• **Assignment**: A verbatim copy of the full data, with no pictures, is the expected answer.

(Brief descriptive captions)
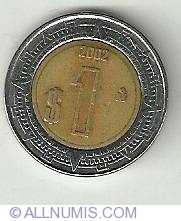 1 Peso 2002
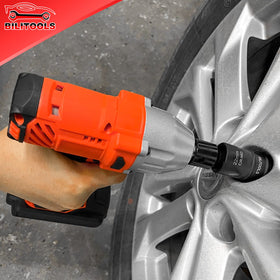 BILITOOLS metric set in use on wheels with precise 6-point fit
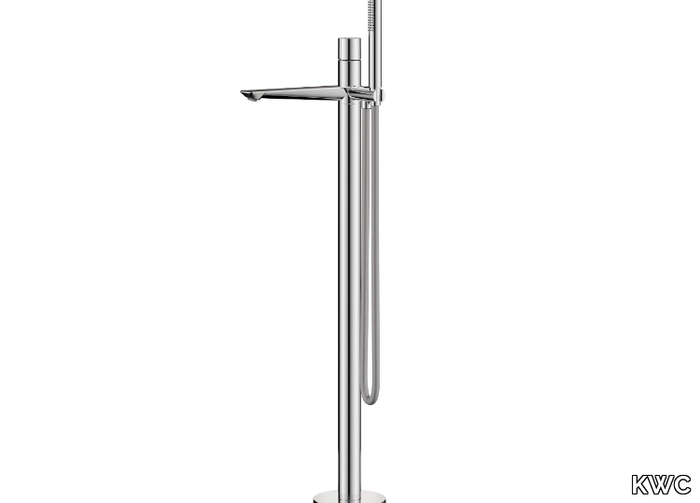 ORA 20.491.093.000 - Floor standing bathtub mixer with hand shower _ KWC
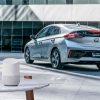 Hyundai Google BlueLink Voice Activated Connected Car Charging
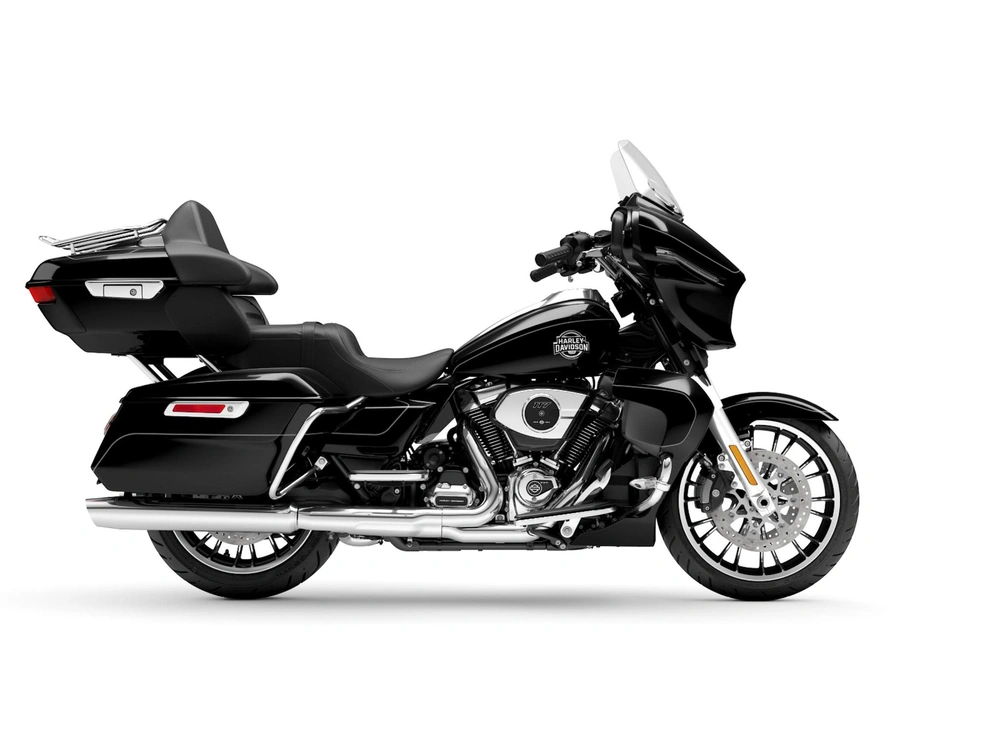 Harley-Davidson Street Glide® Limited Street Glide® Limited Vivid Black (Chrome Trim) 2026 alt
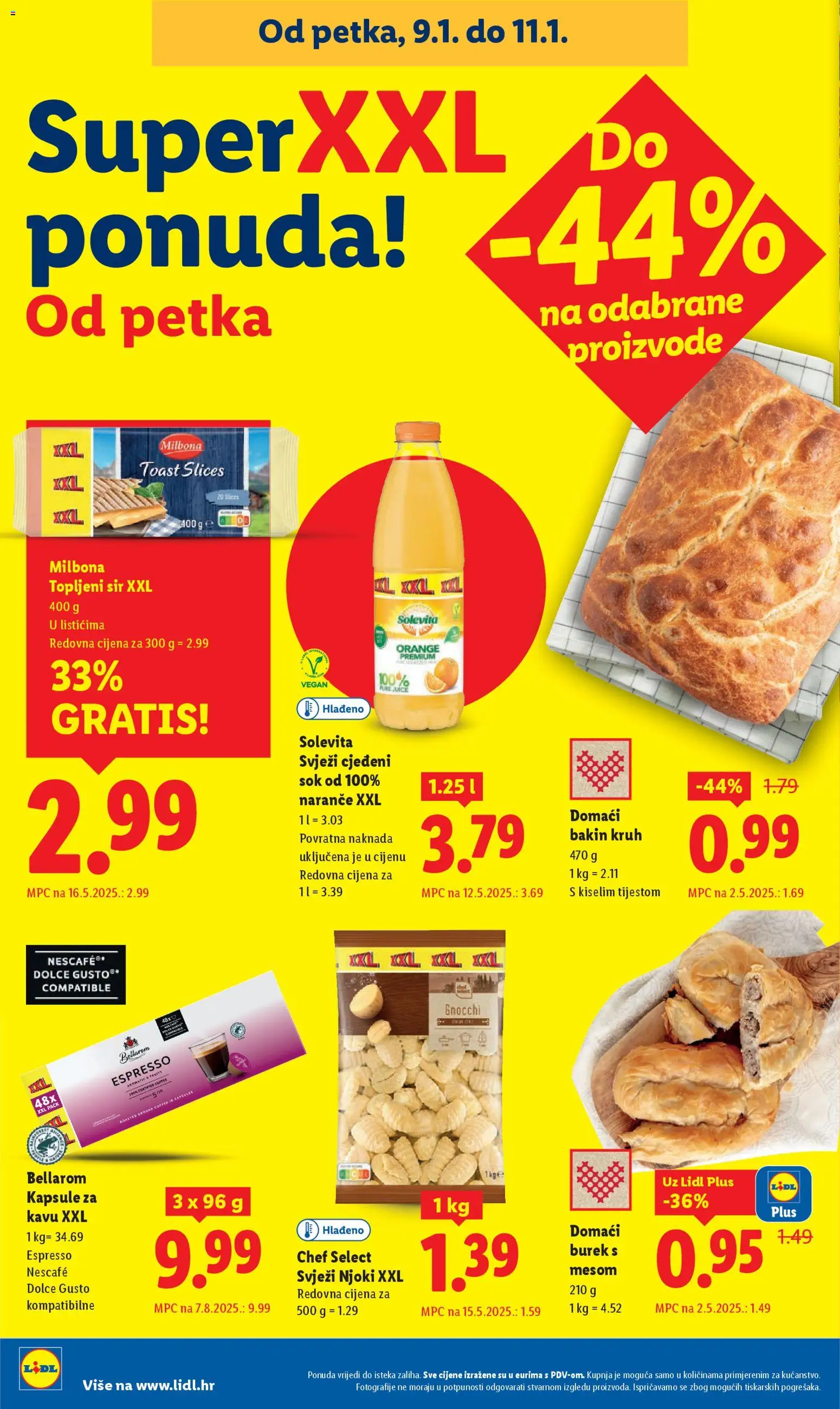 Lidl katalog | vrijedi od 07.01.2026 | Stranica: 54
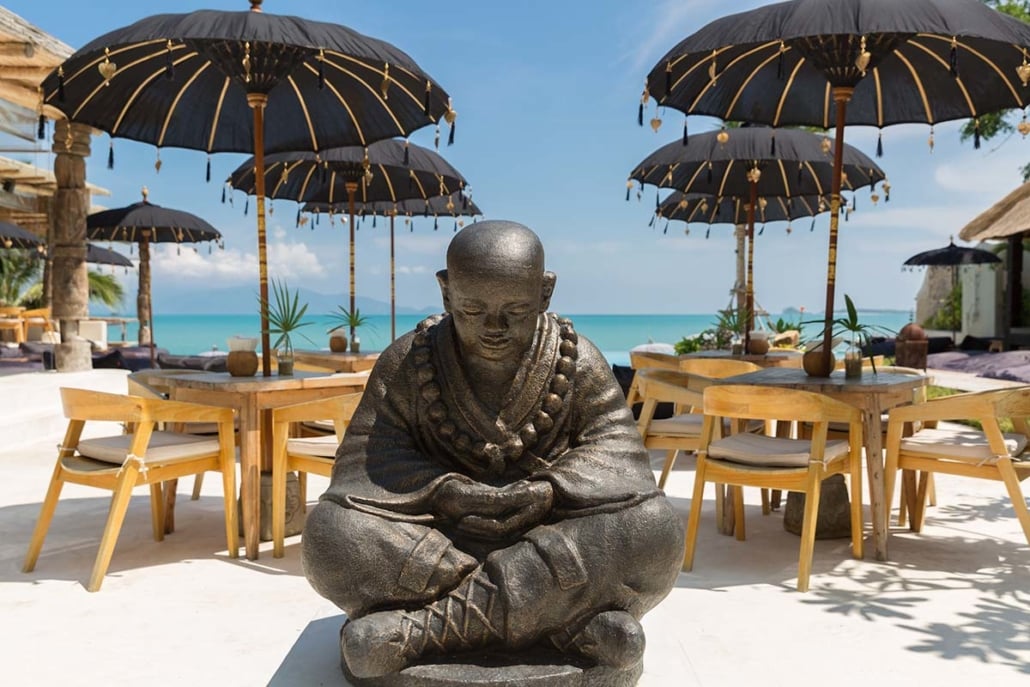 Karma Resort Samui, karma beach restaurant & bar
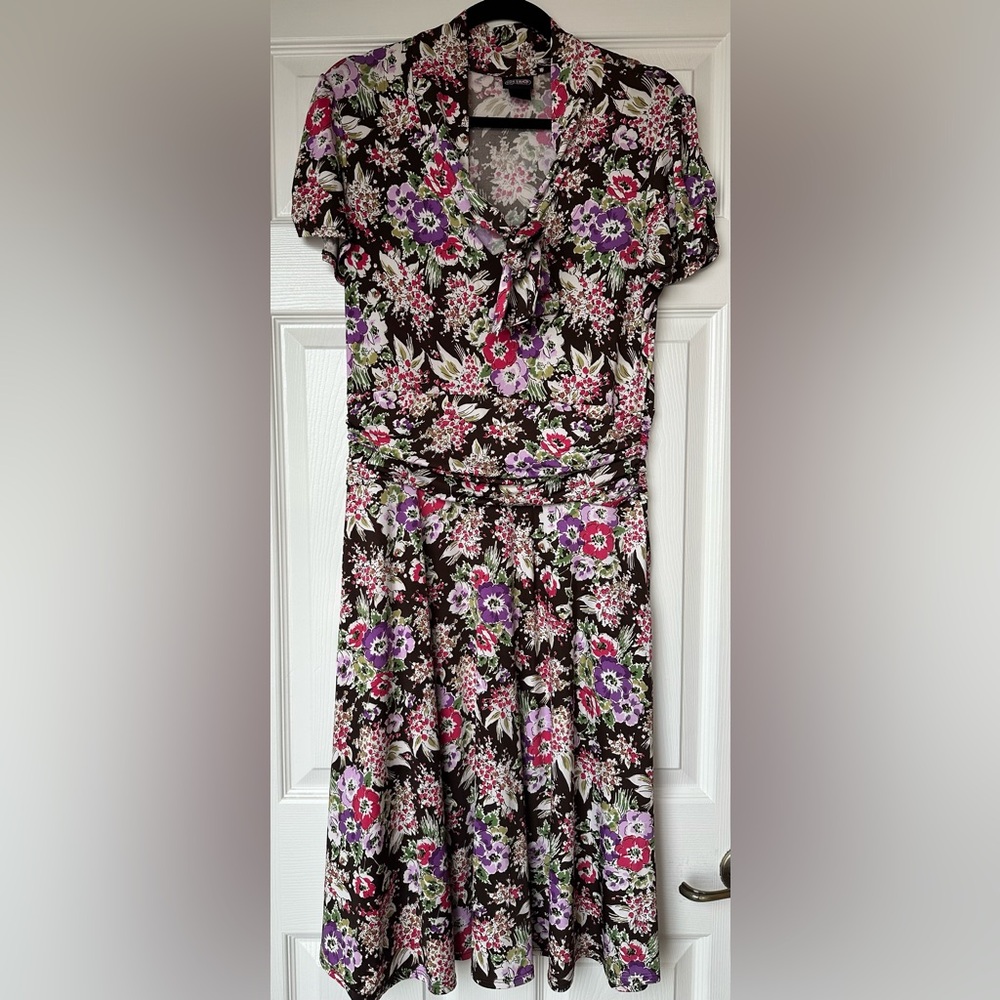 Retrolicious Floral Print Dress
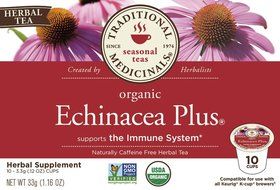 Traditional Medicinals Organic Chamomile with Lavender Tea, Single Serve Cups for Keurig K-Cup Brewers, 10 Count N11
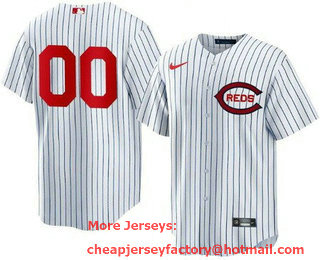 Men's Cincinnati Reds Customized White 2022 Field of Dreams Cool Base Jersey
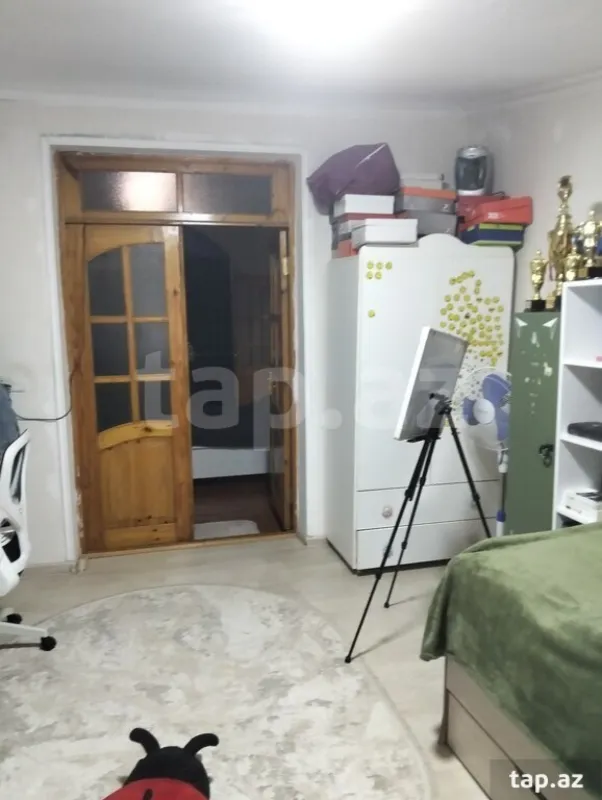 Satılır 3 otaqlı mənzil 52 m²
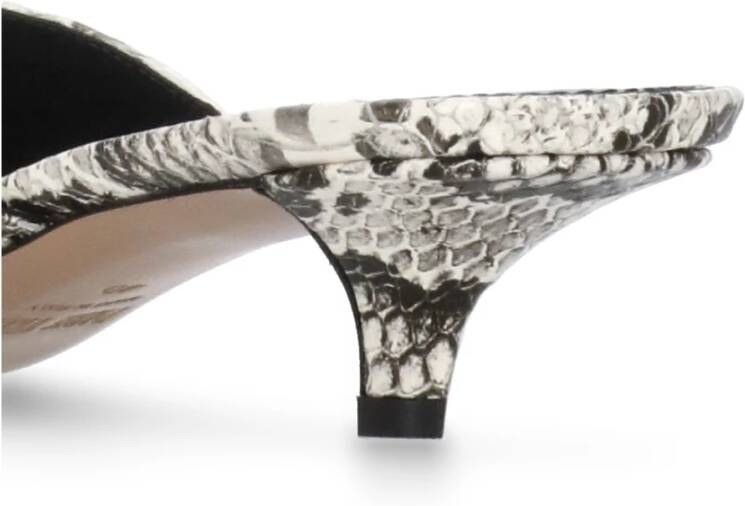 Paris Texas Animalier Sandalen van Leer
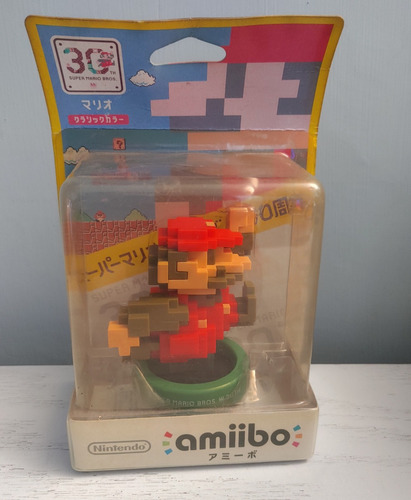 Mario Classic Color Amiibo 30th Aniversario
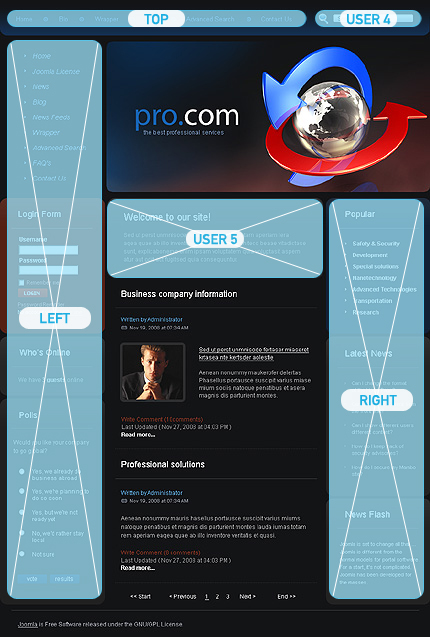 Website Template #19737
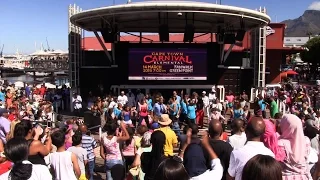 CAPE TOWN CARNIVAL 2015 V&A WATERFRONT ACTIVATION KICKS UP A DANCE STORM WITH PROVERB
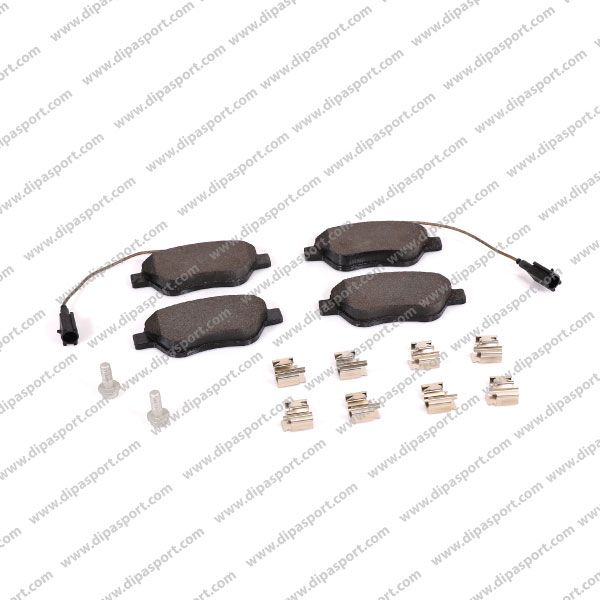 77364637 Kit Pastiglie Freni Ferodo Fiat Citroen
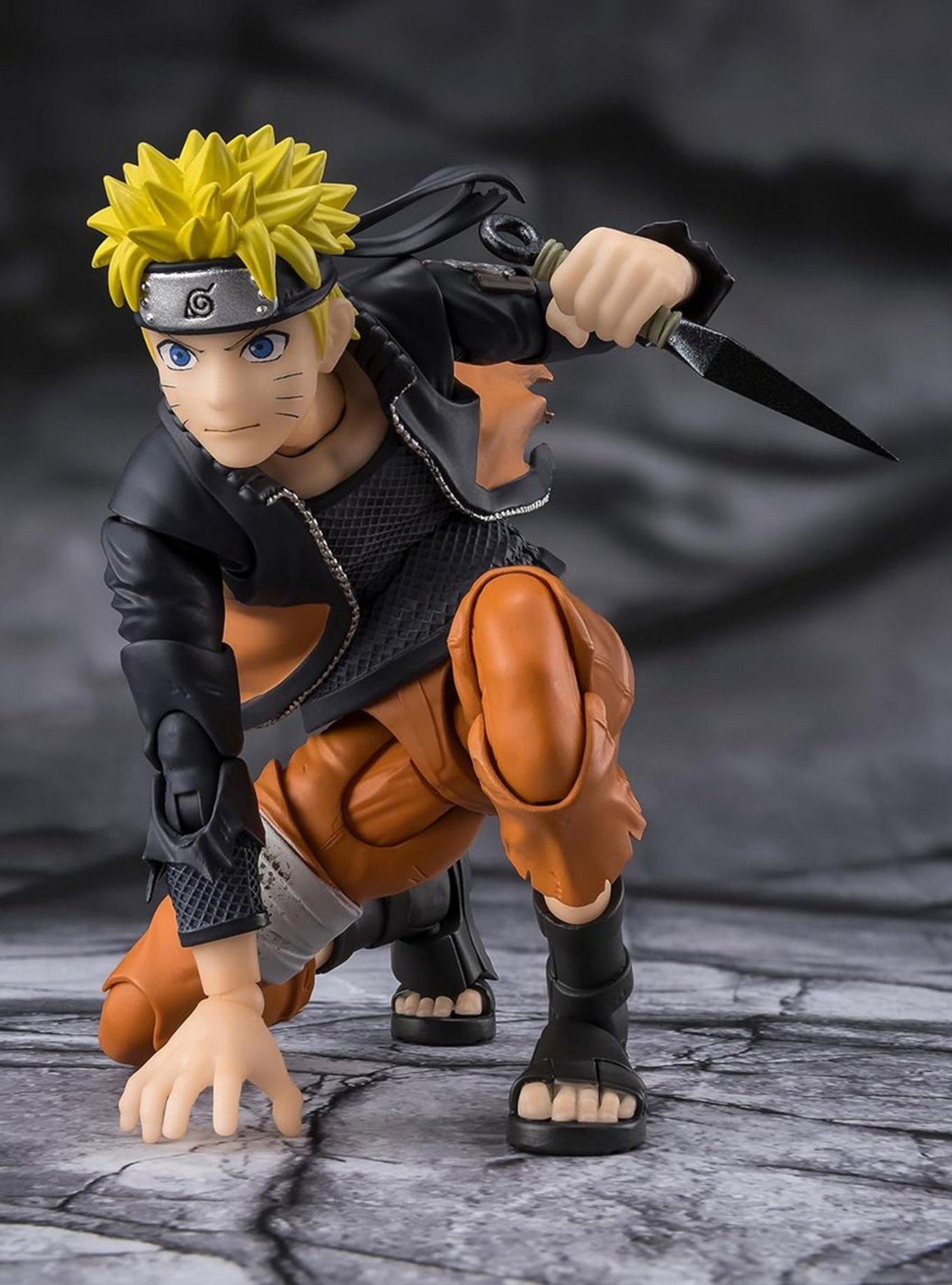 Naruto Shippuden S.H.Figuarts Naruto Uzumaki (The Power to Unite) Action Figure, , alternate - view 4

• **Solution**:
 1 Peso 2002
 BILITOOLS metric set in use on wheels with precise 6-point fit
 ORA 20.491.093.000 - Floor standing bathtub mixer with hand shower _ KWC
 Hyundai Google BlueLink Voice Activated Connected Car Charging
 Harley-Davidson Street Glide® Limited Street Glide® Limited Vivid Black (Chrome Trim) 2026 alt
 Lidl katalog | vrijedi od 07.01.2026 | Stranica: 54
 Karma Resort Samui, karma beach restaurant & bar
 Retrolicious Floral Print Dress
 Traditional Medicinals Organic Chamomile with Lavender Tea, Single Serve Cups for Keurig K-Cup Brewers, 10 Count N11
 Men's Cincinnati Reds Customized White 2022 Field of Dreams Cool Base Jersey
 Satılır 3 otaqlı mənzil 52 m²
 Paris Texas Animalier Sandalen van Leer
 Mario Classic Color Amiibo 30th Aniversario
 Website Template #19737
 CAPE TOWN CARNIVAL 2015 V&A WATERFRONT ACTIVATION KICKS UP A DANCE STORM WITH PROVERB
 77364637 Kit Pastiglie Freni Ferodo Fiat Citroen
 Naruto Shippuden S.H.Figuarts Naruto Uzumaki (The Power to Unite) Action Figure, , alternate - view 4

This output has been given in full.